The derivative of the vector function $G$ is \begin{equation*}G'(x) = \begin{pmatrix}g(x)\\h(x)\\x\end{pmatrix}' = \begin{pmatrix}g'(x) \\h'(x)\\ 1\end{pmatrix}\end{equation*}

The gradient of the function $H$ is equal to \begin{equation*}\nabla H= \left(\frac{\partial{H}}{\partial{u}} \ \ \ \frac{\partial{H}}{\partial{v}} \ \ \ \frac{\partial{H}}{\partial{w}}\right)\end{equation*} At the point $G(x)$ the gradient is equal to \begin{equation*}\nabla H(G(x))= \left(\frac{\partial{H}}{\partial{u}}(g(x), h(x), x) \ \ \ \frac{\partial{H}}{\partial{v}}(g(x), h(x), x) \ \ \ \frac{\partial{H}}{\partial{w}}(g(x), h(x), x)\right)\end{equation*}

So we get:
\begin{align*}F'(x)&=\nabla H(G(x))\cdot G'(x)\\ & =\left(\frac{\partial{H}}{\partial{u}}(g(x), h(x), x) \ \ \ \frac{\partial{H}}{\partial{v}}(g(x), h(x), x) \ \ \ \frac{\partial{H}}{\partial{w}}(g(x), h(x), x)\right)\cdot \begin{pmatrix}g'(x) \\h'(x)\\ 1\end{pmatrix} \\ & = \frac{\partial{H}}{\partial{u}}(g(x), h(x), x)\cdot g'(x)+\frac{\partial{H}}{\partial{v}}(g(x), h(x), x)\cdot h'(x)+\frac{\partial{H}}{\partial{w}}(g(x), h(x), x)\end{align*}

The derivative of an integral in respect to its upper limit is identical to the value of the integral at the upper limit, accordint to the differential and integral calculus, right? (Wondering)
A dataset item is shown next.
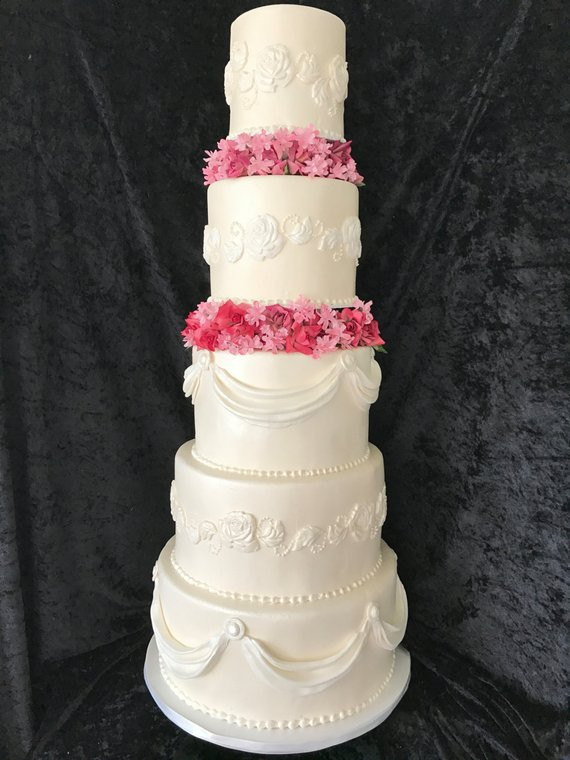 Faux Wedding Cakes
 Five tier faux wedding cake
So, we have that $\displaystyle{\frac{\partial{H}}{\partial{u}}(u,v,w)=\frac{\partial}{\partial{u}}\left (\int_u^vf(w,y)\, dy\right )=f(w,u)}$ and $\displaystyle{\frac{\partial{H}}{\partial{v}}(u,v,w)=\frac{\partial}{\partial{v}}\left (\int_u^vf(w,y)\, dy\right )=\frac{\partial}{\partial{v}}\left (-\int_v^uf(w,y)\, dy\right )=-\frac{\partial}{\partial{v}}\left (\int_v^uf(w,y)\, dy\right )=-f(w,v)}$.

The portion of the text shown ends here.